It was my first summer competing in water skiing and I was determined to qualify for regionals and nationals. Surprising myself, I was soon competing in regionals and shortly after I qualified for nationals. After competing at nationals, I had the sweet taste of victory, but could not taste the prideful poison inside of it. Just like the poisonous apple instantly took over Snow White’s body, the prideful poison instantly took over my mind. After reaching my goals for the season, I started to think it was my because of my strength and determination I was able to accomplish my goals. I started to let pride take over me and it blinded me from God’s work.


With water ski season coming to an end, I turned my focus towards my workouts. Like a kid in a candy store I was eating up all these delicious new exercise routines I was learning from my career. I started to have some pain in my back and like a kid with a cavity I ignored the pain and continued with my lifts. Pushing through the pain, I did not want to give up my strength. Soon the pain became so unbearable it forced me to see a doctor.


Stunned that I was prescribed to take a week off of work and rest, my world started to slip through my hands. Scared for the future, I let anxiety attack my thoughts. Fear flooded my mind, fear of not being able to water ski, fear for my career, fear for my health and fear for my life. The pain was becoming too great for the doctors treatments and the only thing I could do was rest. The pain was increasing and it felt as if I was in a corset. As my fear increased the corset would tighten making it a challenge to take a full breath. Finding myself saturated by my tears I cried out to God, “Why?”


Hoping for answer, God slowly started to reveal Himself to me through people I had never met. It wasn’t until I was told abide in Him. I thought to my self, “What does that mean and how is that suppose to help me with this pain?”

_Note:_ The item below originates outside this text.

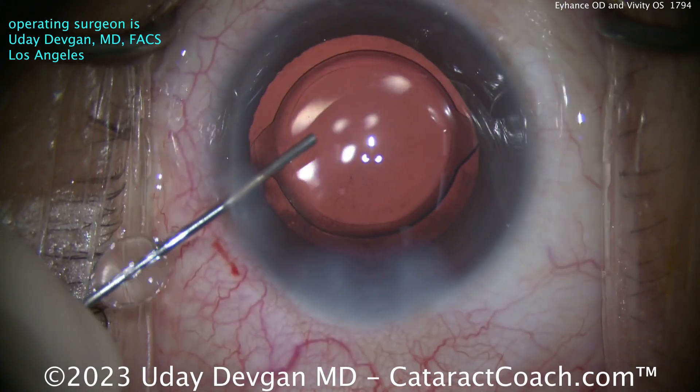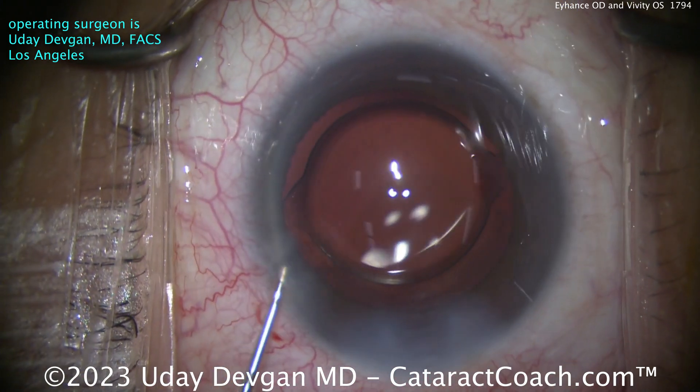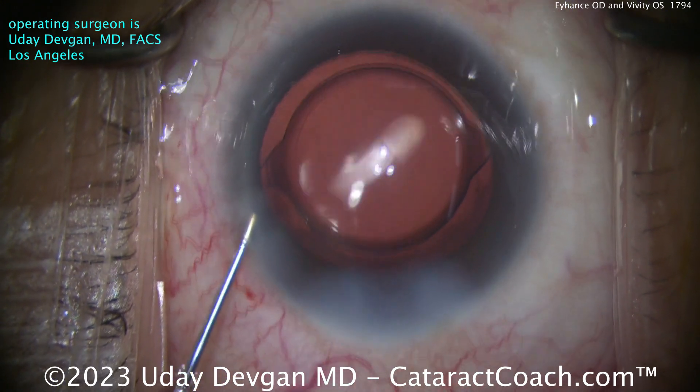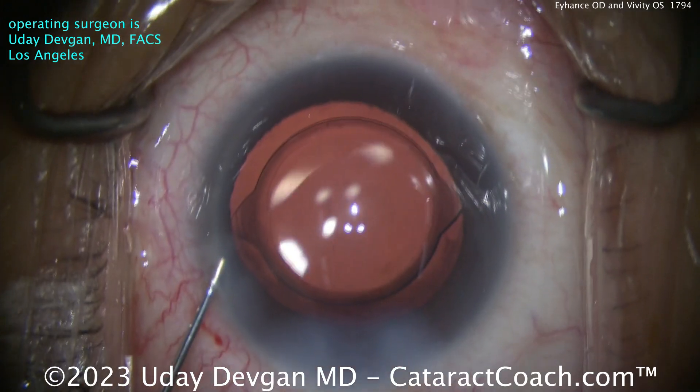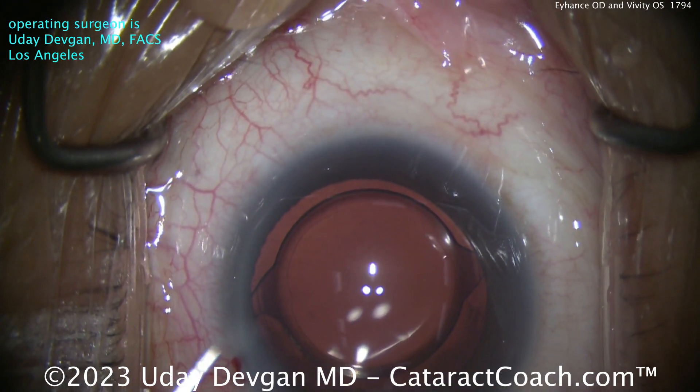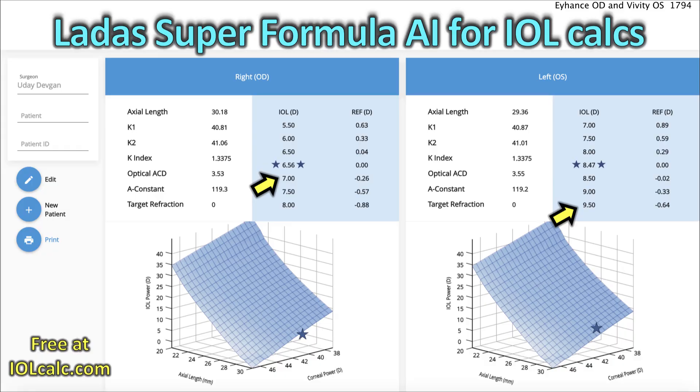The patient is a very highly myopic patient — a physician who flew on an airplane to come see me here in Los Angeles in Beverly Hills to have surgery. Let me go over the lens calculations. Looking at the right eye, a 7.0 diopter lens is going to be the best option for best distance vision. Don't put in the six and a half — a minus a quarter outcome is better than plano, especially for this patient.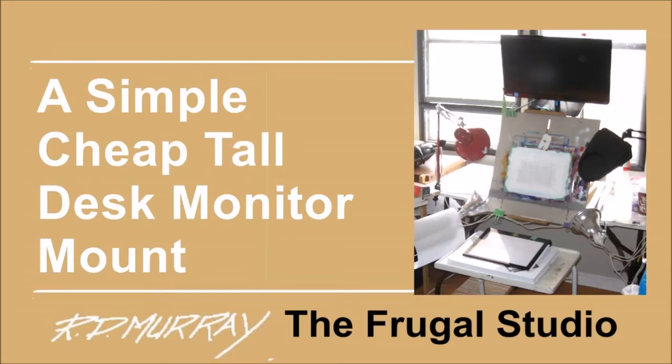Welcome again to the Frugal Studio. I use a TV monitor for photo reference when working on acrylic and watercolor paintings. I wanted a monitor that fits over the top of my desktop easel. I investigated do-it-yourself and off-the-shelf products. The do-it-yourself were too involved to make and the off-the-shelf products too costly. Being frugal, I had to find another way.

John 15:5 was the verse I found the meaning of abide in Him. It says, “ I am the vine; you are the branches. If a man remains in me and I in him he will bear fruit; apart from me you can do nothing.” This verse pulled back my blinding pride. I started to see how I relied on my own strength for everything. I found all my identities in my strengths: personal trainer, water skier, athlete, and strong female, independent the list goes one.


Rereading this message over and over, I slowly realized how blinded I was by my selfish pride. God had to strip all my identities away for me to realize I am nothing without Him in my life. He slowly allowed me to take these identities to the cross. As I tearfully disrobed my identities piece by piece, I started clothes myself day and night with “If a man remains in me and I in him he will bear fruit” ringing in my head.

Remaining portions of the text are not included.